By Mohammed Murad

Inaccurate patient identification is a crucial problem for the healthcare industry. Providing proper treatment depends on precisely matching a person with his or her medical records. There is no room for error in what are often life and death situations.

Problems occur when patients share the same name – and often birthdates – within the same system. Recently, a large metropolitan healthcare provider reported having 138,000 patients sharing a name and date of birth with another person within the system. Potential problems are compounded when patients visit multiple healthcare providers and labs, creating records in more than one location.

Biometrics offer a solution

Biometric technologies offer a solution. Biometrics measure each person’s unique physical characteristics, such as fingerprints and iris and facial patterns. A recent Pew Charitable Trusts report outlined steps healthcare providers and government overseers must take to put a biometric solution into place.

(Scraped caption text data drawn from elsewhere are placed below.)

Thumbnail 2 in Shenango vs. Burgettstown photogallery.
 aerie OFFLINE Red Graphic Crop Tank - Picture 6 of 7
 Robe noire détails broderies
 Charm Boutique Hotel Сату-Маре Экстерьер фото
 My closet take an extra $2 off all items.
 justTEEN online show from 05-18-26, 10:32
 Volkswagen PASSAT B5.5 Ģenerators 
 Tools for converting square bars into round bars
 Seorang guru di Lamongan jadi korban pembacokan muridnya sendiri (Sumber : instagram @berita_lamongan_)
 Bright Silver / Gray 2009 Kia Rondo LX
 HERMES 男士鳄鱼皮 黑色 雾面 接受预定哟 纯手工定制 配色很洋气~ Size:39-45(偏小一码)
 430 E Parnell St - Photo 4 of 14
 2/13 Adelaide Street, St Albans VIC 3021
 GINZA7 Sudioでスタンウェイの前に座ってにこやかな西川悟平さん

One important step is setting standards. System enrollment using raw images enables easy exchange between healthcare providers. However, breached databases provide hackers with images capable of opening financial accounts and other personal sites. Encrypted biometric templates add a layer of protection but are difficult to share. Other issues, such as protecting sensitive data found in patient health records, must be addressed.

Benefits of contactless iris recognition

And which biometric modality is the best choice for healthcare systems? It’s not fingerprints, which involve patients touching a shared reader with the possibility of passing viruses or bacteria. Skin conditions, such as eczema and leprosy, can alter the ridges that create a fingerprint pattern. Also, fingerprint systems may not work with patients required to wear gloves as part of a treatment protocol.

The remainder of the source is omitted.